*** Extracted material Section Begins ***
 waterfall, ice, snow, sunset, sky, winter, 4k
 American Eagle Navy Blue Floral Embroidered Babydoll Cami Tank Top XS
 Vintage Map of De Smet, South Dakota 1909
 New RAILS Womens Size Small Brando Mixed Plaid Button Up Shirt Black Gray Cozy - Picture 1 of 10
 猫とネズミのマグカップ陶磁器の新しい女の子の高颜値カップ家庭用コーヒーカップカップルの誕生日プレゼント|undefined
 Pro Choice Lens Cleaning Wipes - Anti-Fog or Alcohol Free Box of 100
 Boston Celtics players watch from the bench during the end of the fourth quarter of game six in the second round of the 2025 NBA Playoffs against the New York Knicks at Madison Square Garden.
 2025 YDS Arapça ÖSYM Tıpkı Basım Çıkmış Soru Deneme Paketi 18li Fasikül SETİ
*** Extracted material Section Ends ***
> _Your assignment_: Give back all the records exactly as they stand.

> _Completed exercise_:
 waterfall, ice, snow, sunset, sky, winter, 4k
 American Eagle Navy Blue Floral Embroidered Babydoll Cami Tank Top XS
 Vintage Map of De Smet, South Dakota 1909
 New RAILS Womens Size Small Brando Mixed Plaid Button Up Shirt Black Gray Cozy - Picture 1 of 10
 猫とネズミのマグカップ陶磁器の新しい女の子の高颜値カップ家庭用コーヒーカップカップルの誕生日プレゼント|undefined
 Pro Choice Lens Cleaning Wipes - Anti-Fog or Alcohol Free Box of 100
 Boston Celtics players watch from the bench during the end of the fourth quarter of game six in the second round of the 2025 NBA Playoffs against the New York Knicks at Madison Square Garden.
 2025 YDS Arapça ÖSYM Tıpkı Basım Çıkmış Soru Deneme Paketi 18li Fasikül SETİ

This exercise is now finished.